1k views Asked by At

I have a an HTML table code, which needs to be converted into plain text, using the Flex utility in Linux systems.
I've come up with a list of tokens in my .lex file, which are as follows:

    OPENTABLE       <table>
    CLOSETABLE      </table>
    OPENROW         <tr>
    CLOSEROW        </tr>
    OPENHEADING     <th>
    CLOSEHEADING    </th>
    OPENDATA        <td>
    CLOSEDATA       </td>
    STRING          [0-9a-zA-Z]*
    %%
    %%

My CGF (Translation Scheme included) for the HTML parse looks like:

    TABLE     -->   OPENTABLE ROWLIST CLOSETABLE    ;
    ROWLIST   -->   ROWLIST ROW | ^                 ;
    ROW       -->   OPENROW DATALIST CLOSEROW       printf("\n");
    DATALIST  -->   DATALIST DATA | ^               ;
    DATA      -->   OPENDATA STRIN CLOSEDATA        printf(yytext+"\t");

I've seen some examples, but I'm not getting what should I write in the rules section of my .lex file.

1

There are 1 answers

0
Syed Ali Hamza On BEST ANSWER

I spent some time on the basics, and figured it out.

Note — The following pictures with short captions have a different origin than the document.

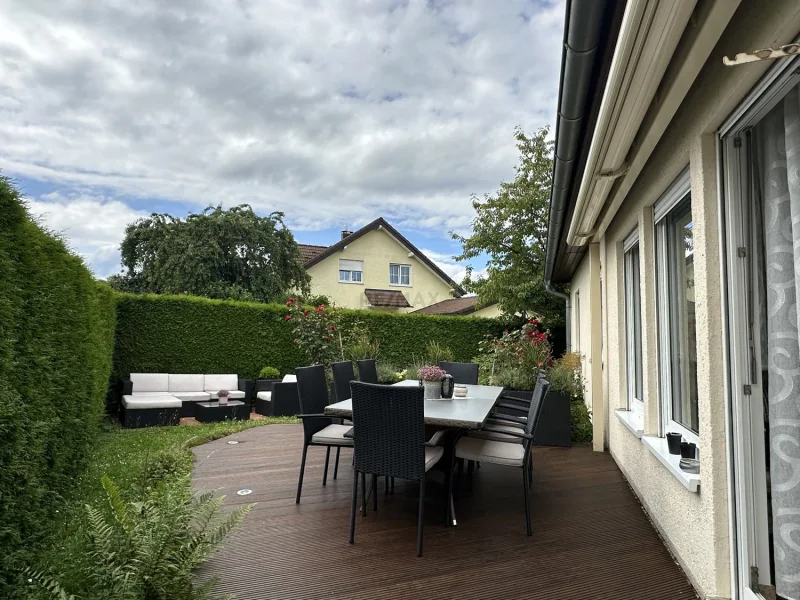 Terrasse im Garten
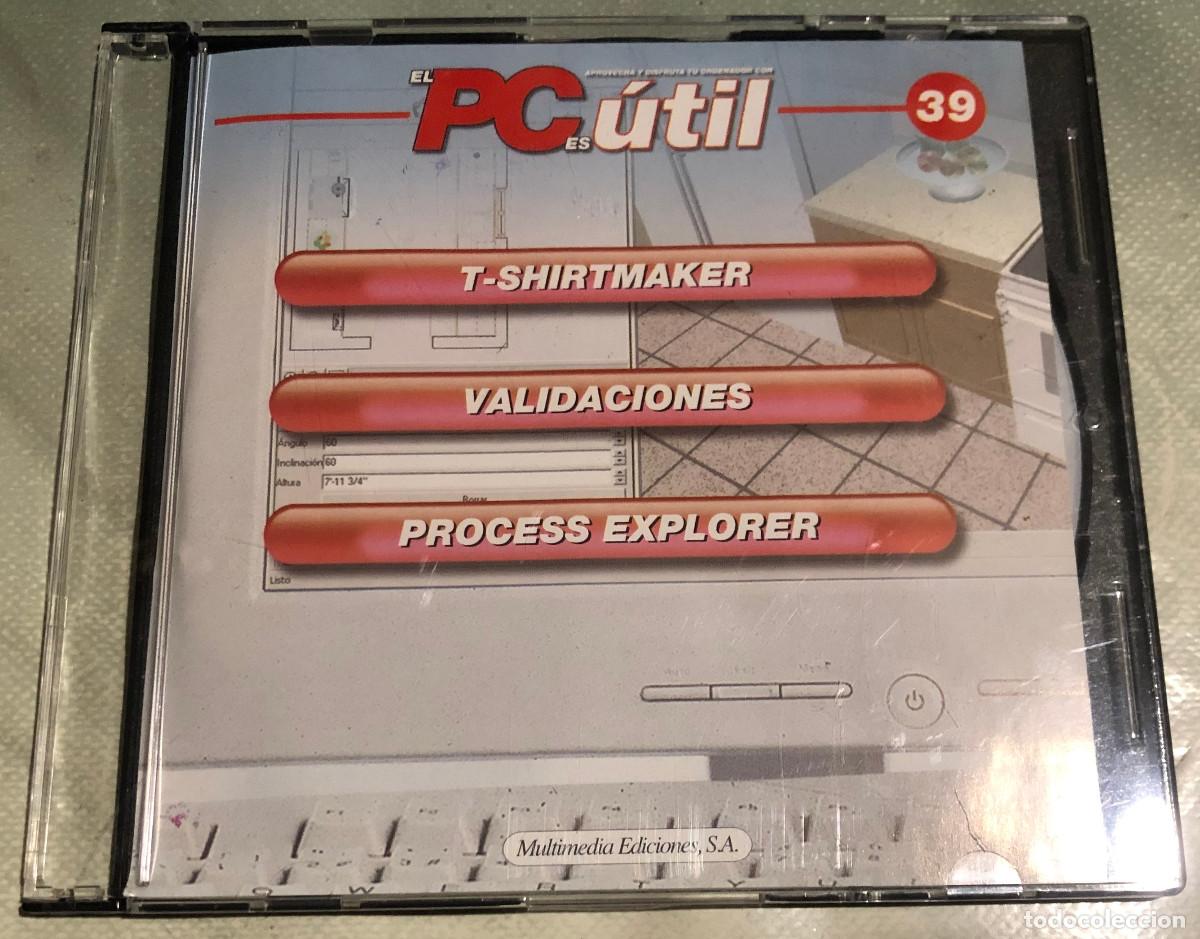 Videojuegos y consolas: Software antiguo original. PC &Uacute;til n&ordm; 39. CD-ROM. T-Shirtmaker, Validaciones, Process Explorer. - Foto 1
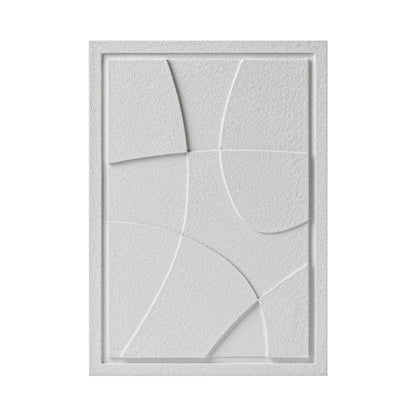 Wall Decor 500x700x18mm ABSTRACT 1 MURSO Bianco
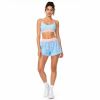Custom Contrast Halter Yoga Set - Sports Bra & Drawstring Pocket Shorts 2-Piece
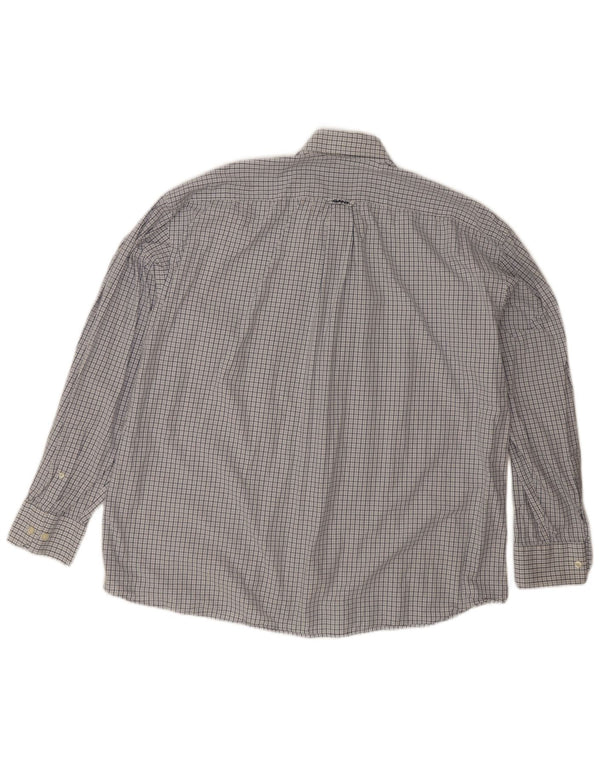 Gant Herre Dress Fit skjorte 3XL hvid ternet bomuld
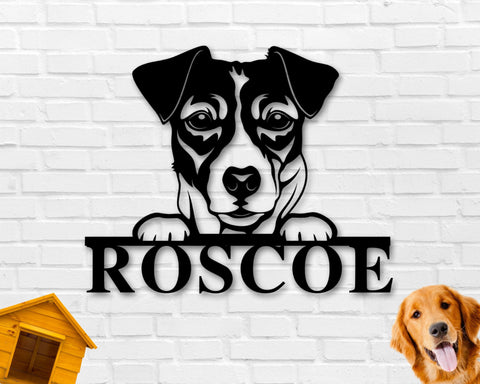 Jack Russell Terrier Dog Breed Custom Metal Sign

Flex' info page was of great help. This is what the required file is. Works good, but still needs to improvements.

%{
#include <string.h>
char *substring(char* str)
    {
        int i = 0;
        int l = strlen(str);
        char *str2;
        str2 = malloc(l+1);
        for (i=4; i < l-5;i++)
        {
            str2[i-4] = str[i];
        }
        return str2;
    }
%}
OPENTABLE "<table>"
CLOSETABLE "</table>"
OPENROW "<tr>"
CLOSEROW "</tr>"
OPENHEADING "<th>"
CLOSEHEADING "</th>"
OPENDATA "<td>"
CLOSEDATA "</td>"
STRING [a-zA-Z0-9]*
%%
{OPENDATA}.{STRING}.{CLOSEDATA} printf("%s\t", substring(yytext));
{OPENHEADING}.{STRING}.{CLOSEHEADING} printf("%s\t", substring(yytext));
{CLOSEROW} printf("\n");
. ;
[ \n\t] ;
%%
int main(int argc, char** argv)
{
    ++argv, --argc;
    yyin = fopen(argv[0], "r");
    yylex();
}